Building a mass movement

[Content note: mentions of transphobia, sexual violence and violence against people of colour]

This was a line of thought which fell out of yesterday’s post, but that was getting quite long enough.

The article I quoted from, with its laundry list of stupid, trivial, oversensitive, left-destroying complaints, went on to lament that we’re not building a “mass movement” on the left. It’s a common question: post the glory days of compulsory unionism, how do we get thousands of people to march on Parliament and demand social change?

I have a question in response, though. How on earth do you folks expect to build a mass movement when you insist on ignoring – or not just ignoring, deliberately rejecting – issues faced by the majority of people in society?

“But we’re not!” they protest. “We just want to focus on things that really matter, material issues!”

As I’ve blogged about a lot previously, there are two problems with this “analysis”.

In no particular order, the first is that many of these “symbolic or linguistic” issues do really matter. It does really matter to trans people that they can be outed by airport security scanners, and that their bodies are publicly described as “anomalies” when it happens. The choice is: Travel, and be outed. Travel at the expense of being physically assaulted by strangers. Or refuse to travel, and lose your job or never see your family or go to Disneyland or do a hundred other things which cis people would consider “living a normal life”.

It does really matter to people of colour that ingrained, unconscious attitudes affect whether or not they get shot walking through their own neighbourhoods or arrested entering their own house.

It does really matter to women that society reduces us to sexual objects and promotes attitudes which allow our rapists or abusers to walk free – and to have those attitudes reinforced in a hundred different ways every day.

The second problem is that identity is a material issue. The labour of women and people of colour is undervalued – deliberately. Queer and trans people are marginalized in order to reinforce capitalist norms about heterosexuality and child-rearing.

Karl Marx and Friedrich bloody Engels had this stuff figured out.

And to get personal for an instant? When high-profile leftwing men call me crazy or irrational, or stroke their chins musing whether I’m a liability to the organisation I work for, damn straight sexism is a material issue for me.

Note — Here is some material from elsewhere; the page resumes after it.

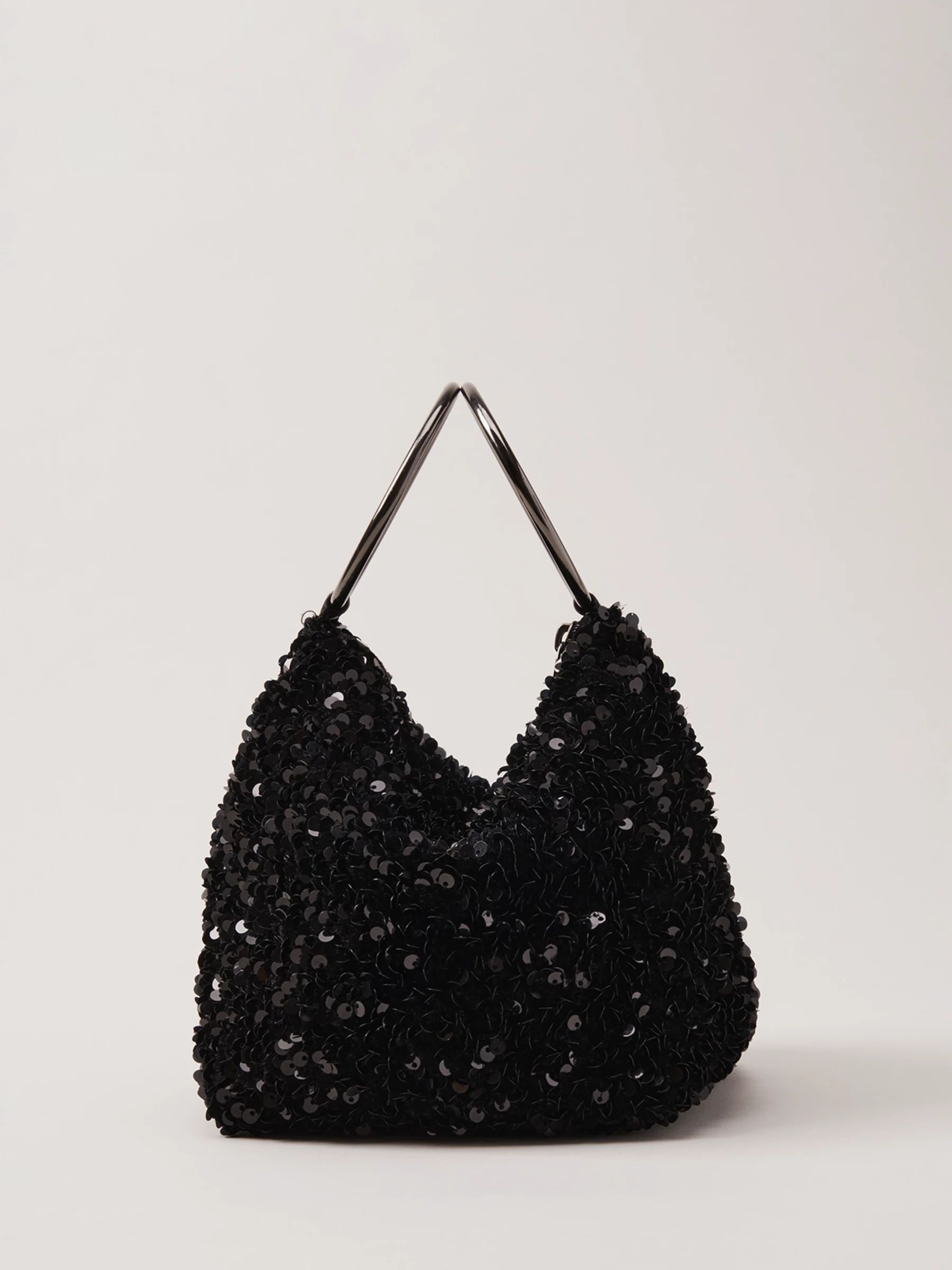 Phase Eight Sequin Clutch Bag, Black | John Lewis (UK)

Class is an identity. Identity is inextricable from class. The working class in New Zealand isn’t just a row of white dudes in cloth caps any more. It’s Pasifika women cleaning office buildings on the graveyard shift and Maori men and women in the meatworks and young people on zero-hour contracts at fast-food restaurants.

We have to treat them – and everyone else – as people. People with lives and families and interests and needs. Not just “workers” whose existence begins and ends at the shop door.

It’s not easy. But what should be easy, for people who are committed to fairness and justice and who can see that the imbalances of power in our society have to be overturned, is to be aware of the fact that life isn’t simple. Capitalism isn’t a one-dimensional foe. And if we’re open-minded to change and willing to acknowledge we’re not perfect and have plenty to learn, maybe people will start to see the left as a relevant political project again.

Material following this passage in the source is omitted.